This time of year squash is in season! Use it in this recipe to make a tasty crust and fill it with all your favorite veggies. Happy Fall!
1 medium spaghetti squash
1/2 cup shredded part-skim mozzarella cheese
2 egg whites
1 teaspoon kosher salt, divided
1/2 teaspoon oregano
2 tablespoons extra virgin olive oil
1/2 medium yellow onion, chopped
1 large garlic clove, minced
1 cup white mushrooms, sliced
10 asparagus stalks, cut in thirds
8 large eggs
1/2 teaspoon freshly ground black pepper
4 ounce goat cheese
No notes given.
Using a fork, pierce the spaghetti squash several times. Microwave for 10 minutes on high, flipping half-way through.

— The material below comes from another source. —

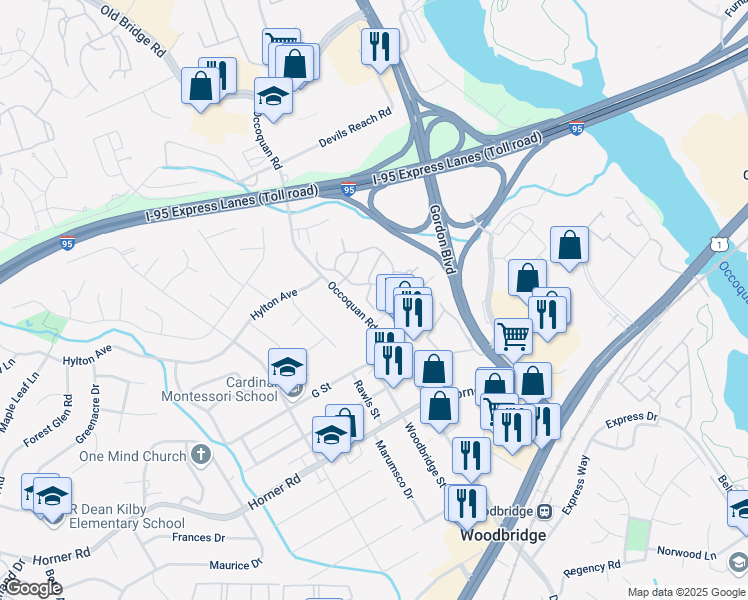 map of restaurants, bars, coffee shops, grocery stores, and more near 13143 Rockridge Lane in Woodbridge
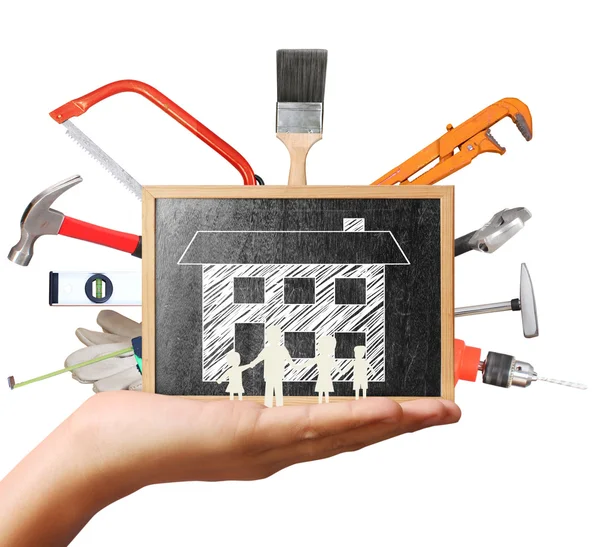 Seleção de ferramentas na forma, conceito de melhoria de casa — Fotografia de Stock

Cut squash in half, and remove seeds. Using a fork, gently scrape the flesh. Remove the “spaghetti strands,” and place them in a bowl. Set aside and let cool 10 minutes.
Preheat oven to 400°F.
Place spaghetti squash in the center of a clean dish towel or several layers of paper towels. Wrap with towel. Wring out any excess liquid until the towel no longer drips. Place squash back in bowl.
Add ½ teaspoon salt, egg whites, and mozzarellas. Combine.
In a 9-inch pie pan sprayed with cooking spray, spread squash mixture evenly over the bottom. Using fingers to press the mixture up the sides, form a “crust.”
Bake crust for 15 minutes, or until golden brown. Remove from oven, and let cool.
In a medium skillet over medium-high heat, sauté oil, onions, garlic, mushrooms, and asparagus until slightly tender, about 5 minutes.
In a large bowl, whisk 8 eggs. Add cooked veggies, black pepper, and goat cheese. Add ½ teaspoon salt. Pour egg mixture into squash crust, and cook for an additional 12-15 minutes.
Remove from oven and serve immediately, or keep refrigerated and consume within 3-5 days.